シナリオ技術の構成法をセミナーに応用する
各論に近づいてみよう。
シナリオでも構成に悩むことになるのだがセミナーにおいても構成抜きに設計できない。
構成とは一言で言えば語り口を考える事、ストーリーテラーを決めることなのだ。
有益な情報をいくら所持していてもこの語り口いかんによって効果が劇的に変わってしまう。
人に情報を伝えるにあたってシナリオの技術を応用してみる。
伝える事とは、語り口
誰に、何を、どのようにして、なんて言葉を聞いたことがおありかと思います。
人に伝える事の要点をまとめたものですが本当は5W1Hなんて言われています。基本的な要素は6つですがその中でもこの記事に関することとして 「どのようにして」 にフォーカスしてみます。
「どのようにして」 とはすこぶる曖昧な表現です。
つまりは各論なのですがその意味とは 「伝え方」 なのです。
セミナーの場合、主催者が受講者に与えられる有益な情報を”どのようにして”語るのか、それがとても重要なファクターになってきます。
なぜ重要かというと、この伝え方に上手い下手が存在するからなのです。
上手い伝え方、充実したセミナーとは受講者が理解して納得するという結果が伴うものです。
対して下手な伝え方、残念なセミナーとは講師の言っている意味が理解できず何だかよく分からないまま、いつの間にか販売会みたいに商品を売り込まれた、なんて顛末で終わります。
当然ながら、主催者はバックエンド販売を目論んでいますから上手い伝え方で受講者をある意味支配しなければなりません。
そうしないと成約とはならない訳ですから下手を打てません。
「どのようにして」 は受講者に対して上手く情報伝達しなければ結果が見込めないという危険をはらんでいます。
下手したその結果は主催者講師も、時間を割いてお金を払って聞きに来ている受講者にとっても本望ではありません。

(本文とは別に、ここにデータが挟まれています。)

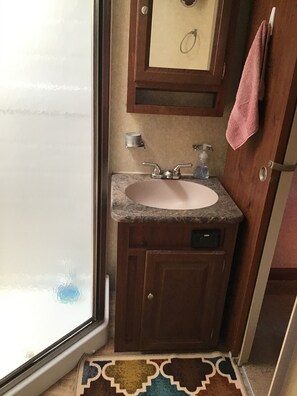 Shower, towels, toilet paper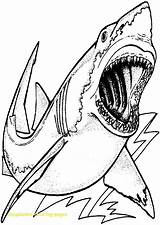 Megalodon Sharks Coloriage Requin Imprimer Hai Dinosaure Colorier Albanysinsanity Getcolorings sketch template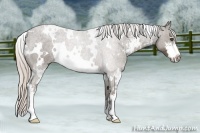 Horse Color:White Spotted Silver Black Sabino Frame 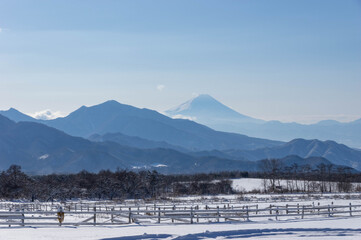 降雪の翌朝・清泉寮よりの富士山展望
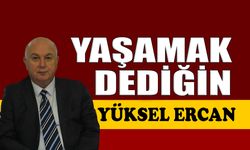 Yaşamak dediğin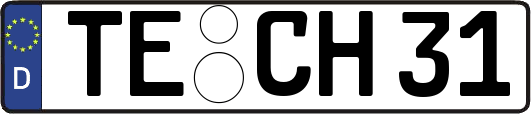 TE-CH31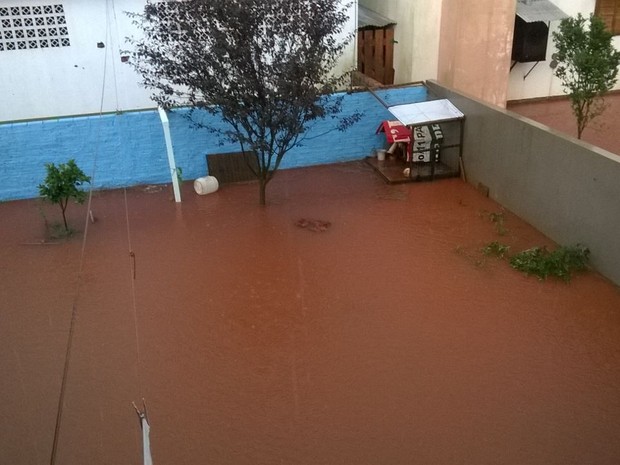 Quintal ficou alagado em Palma Sola (Foto: Corpo de Bombeiros/Divulgação)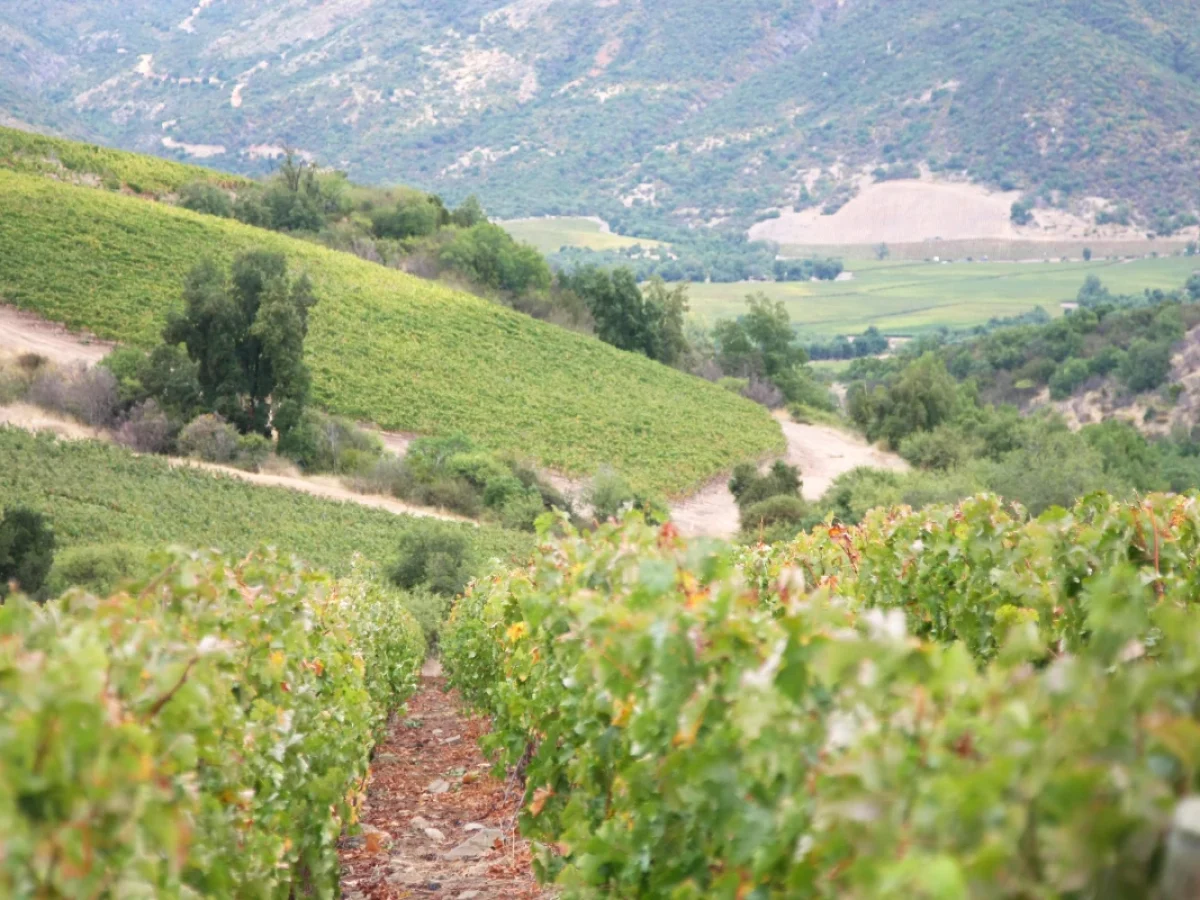 Viñedos en el Valle del Cachapoal
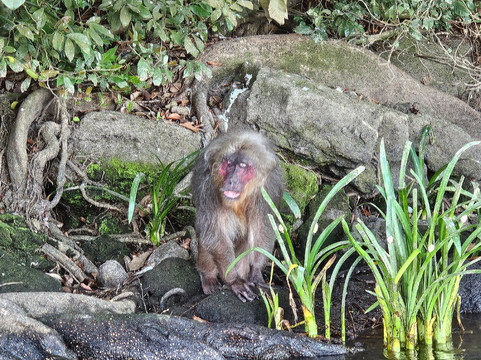 Catemaco Lake-Catemaco必去景点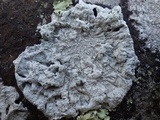 Pertusaria lactea image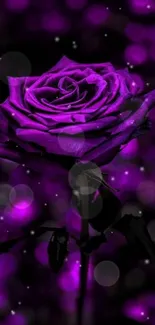 Vibrant purple rose mobile wallpaper with elegant floral design.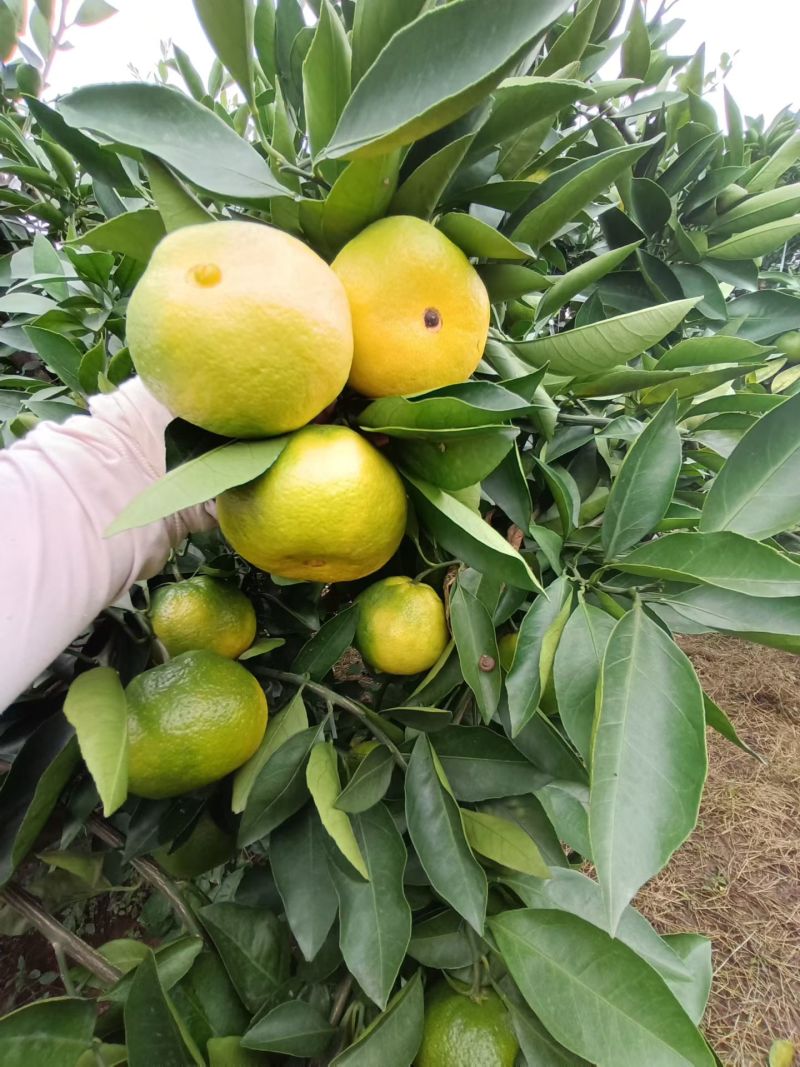 特早蜜橘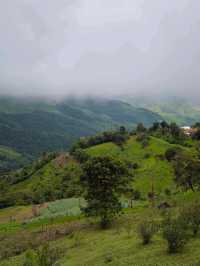 Gems of Chiang Mai and Chiang Rai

避けなければならない状況です。
「どのようにして」 は構成を考えるという事です。
望むべき結果を得るために持っている情報をどのようにして伝えたらいいのか、お話しの組み立てを考える必要があるのです。
総じてセミナー構成を考える事になるのですが、ここにもシナリオ技術が役に立ちます。
しかし、この構成はシナリオの世界でも曖昧かつセンシティブな部分で、一定の仕組みのようなものはあるのですが発信者によるところが非常に大きいのも特徴です。
この条件はシナリオでもセミナーでも変わりありません。
構成ってなに?と聞かれれば、ストーリーテラーを考える事だよ、となりストーリーテラーってナニ?と聞かれれば語り口だよ、となり語り口ってなに?となれば構成だよ、なんて堂々巡りの議論に終始します。
なんだかよく分かりません。
それでもこの語り口を考えて結果を想定しないとどうなるかといえば、話として支離滅裂になってしまいます。
支離滅裂では本来伝えたい情報が受講者に伝わりません。それに加えて前述の記事でも紹介した通り変化を盛り込まなくては受講者の心を掴めません。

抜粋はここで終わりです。